September 4, 201312 yr Hey, I'm confused on my upgrade decision. I'm not sure whether to change just my mobo, CPU and RAM or do a full 24 bay case I upgrade. I currently have 12Tb File Server: Fractal Design Array R2, Intel D510MO / D510 Intel MN10, 4Gb DDR2 800Mhz. I have been talking it over with my Bro and I am thinking of purchasing a 24 bay server case as it means I never have to buy/upgrade the server case again, unless it breaks! Proposed build: Processor: Core i5-3320M (Mobile G2 Socket)/Opteron 3350/3320/G1610 or AMD X2150. Do you have any suggestions? Motherboard: No idea Memory: 4GB or 8GB HD Controller: 3x M1050's but I will be looking to swap for a single card Enclosure: Norco RPC-4224 (£200-£300) or X-Case RM424s Home Server 550mm (£358.80) as the enclosure. Either way, this means SAS. The server will be eight hard drives to start with and then eventually increase. The primary uses of the new server will be: - Computer backups (rsync); computer & laptop - UnRAID - Web server (to test my websites before they go live) - UnRAID - Virtual machine (so I can use Windows at university as it is all Macs) and any other ideas - ESXi (If I can login) - Film, TV, Music Storage - UnRAID - XBMC server/streaming in my flat - UnRAID - Run the usual add-ons to source content for XBMC (Media Center) - UnRAID Do you think I actually need this? What would you do/change? The build must be energy efficient. Updated 9/9/13
September 5, 201312 yr ...with the list of usecases you published and virtualization with ESXi being a greater part of these, I'd think going for an intel based system with a XEON is the right option (and you want a vt-d capable system - CPU and mobo). The use of a mobile CPU is not adding to energy efficiency anyway, as idle power draw is the same for all V3, V4 V2/V3 CPUs from Intel but with ESXi you'll want headroom. Speaking of headroom, you should be prepared to start at least with 8GB and then add more RAM later. For a V3V2 CPU, the SM X9SCM-iiF is a good mobo choice. A cheaper V3 V2 mobo, but fully ESxi capable is the ASRock B75 Pro3-M...no ECC support as being a desktop model, but besides that, it should work with vt-d as well. Edit: I messed up the model-lines of processors....V2 is IvyBridge, Socket 1155 and V3 is Haswell, Socket 1150, of course.

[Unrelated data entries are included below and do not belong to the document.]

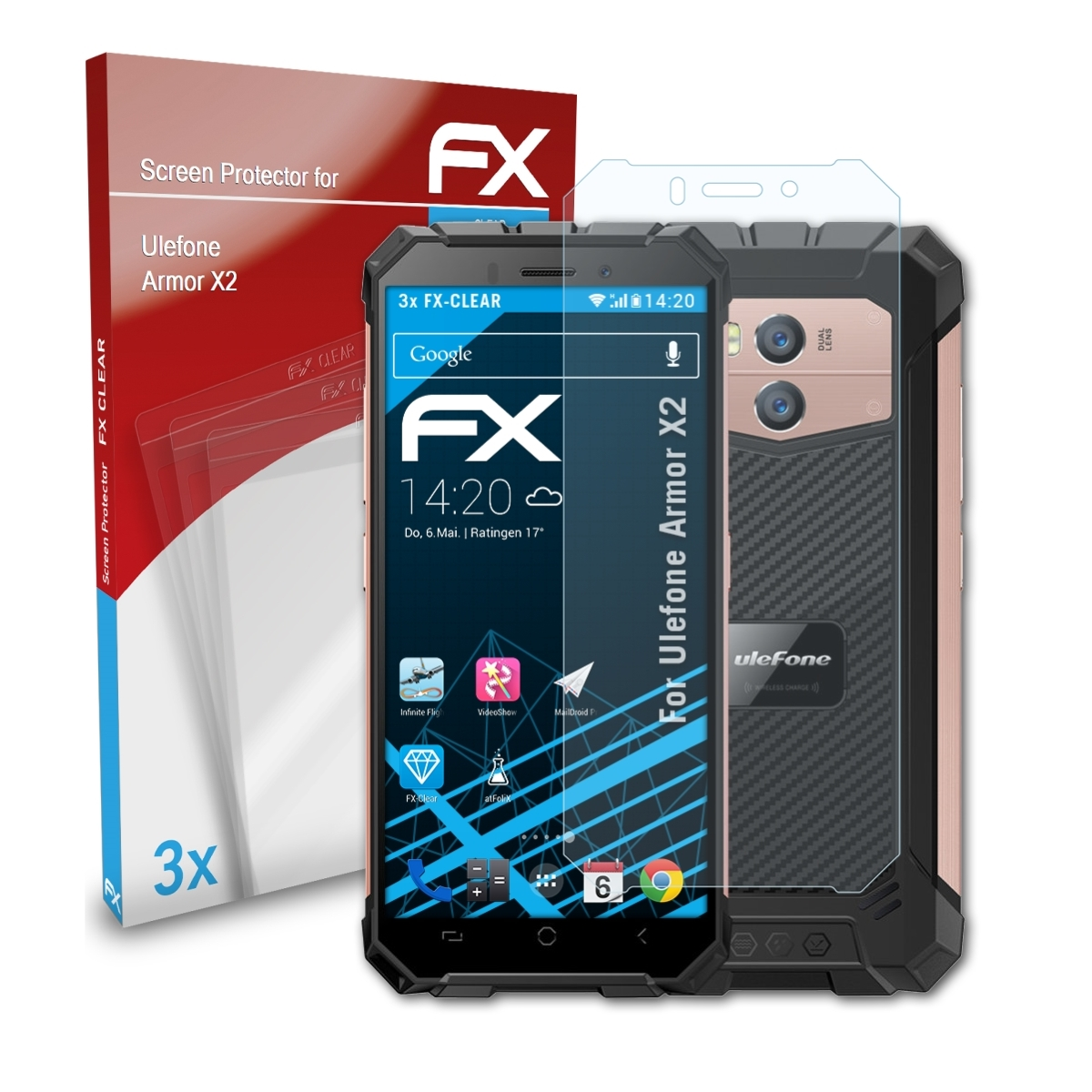 3x Displayschutz(für Ulefone X2) Armor ATFOLIX FX-Clear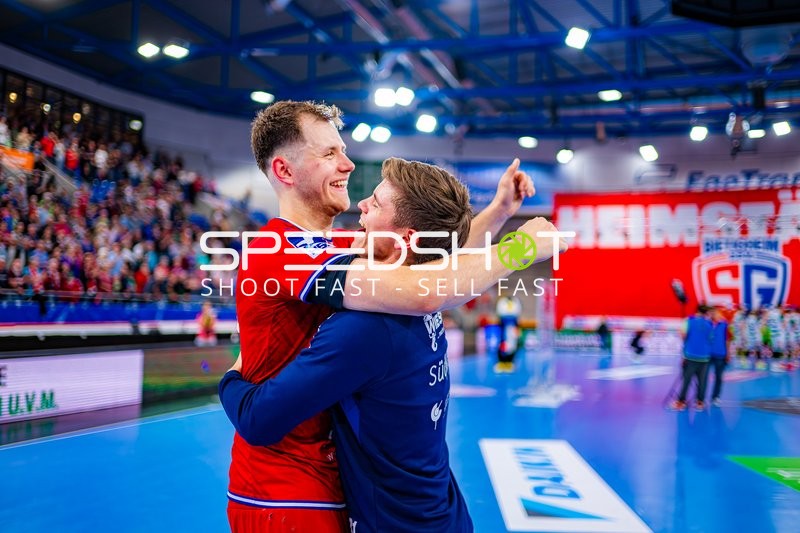 Feier nach Spielende Maximilian Hejny (64;SG BBM Bietigheim)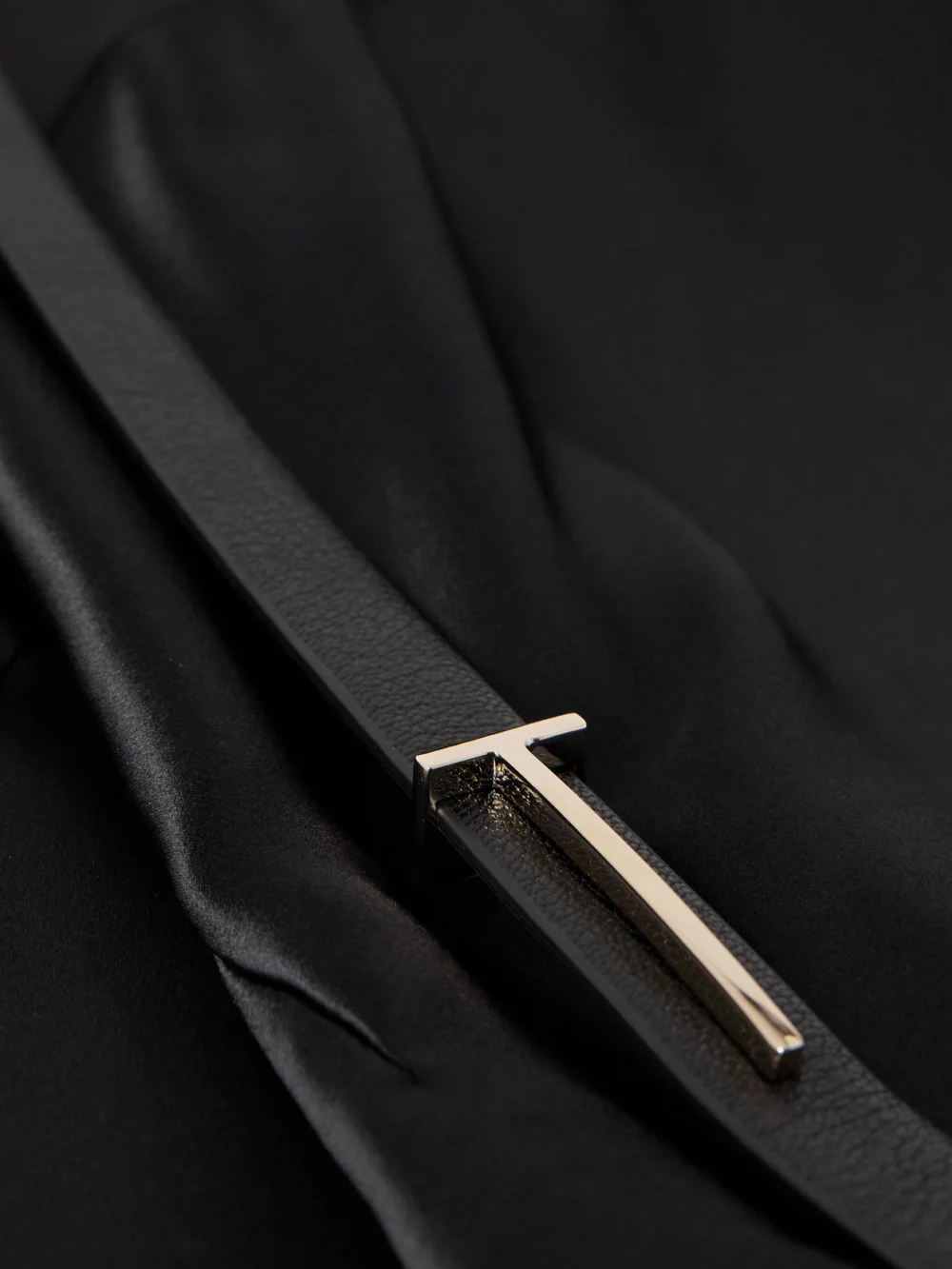 Close-up detail of the Tom Ford Belted Draped Silk-satin Maxi Skirt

September 9, 201312 yr Author Intel's C2750 with A1SAM-2750F look great but no word on release date or price AMD have a few good offers from what I can see: AMD Opteron X1150 - looks good @ 2000Mhz // 17W AMD Opteron 4310 - Looks good as well @ 2200Mhz // 35W Sent from my Nexus 4
September 9, 201312 yr ...TDP doesn't count, really. Only if you have heat issues...a CPU with lower TDP will just take longer for the task at hand, if full speed ahead is required....and consume possibly more energy than a high-TDP, faster CPU for the same task. What you want for a 24x7 scenario, is a system that idles at low power...intel S1155 or S1150 is in the frontline here.
September 23, 201312 yr Given your virtualization focus and desire to run ESXi, you should definitely focus on an Intel Xeon-based board. I'd go with a Haswell-based v3 Xeon. Perhaps this board: http://www.newegg.com/Product/Product.aspx?Item=N82E16813132003 ... and your choice of processor: http://www.newegg.com/Product/ProductList.aspx?Submit=ENE&N=100008494%20600438351&IsNodeId=1&name=LGA%201150 Pop in 32GB of ECC RAM and you're ready to go
September 23, 201312 yr ..right. For 40+bucks you can get this: http://www.newegg.com/Product/Product.aspx?Item=N82E16813182821 ...has got a LSI2308 on board. Although adding two more M1015 cards might be an issue...go for one 16-port controller or use an expander.
September 23, 201312 yr Agree with the Supermicro board => I selected the Asus based on its higher complement of PCIe x4 or above slots (for add-in controllers) .. but the Supermicro board has 2 slots; a built-in extra controller; and IPMI ... a very nice feature set for what's needed here.
September 24, 201312 yr I just upgraded my server with a AsRock Z77M, i5 3570, and 8 GB of DDR3 2133 RAM. It took me about an hour to get the BIOS correct, and it has been working well for over 2 hours.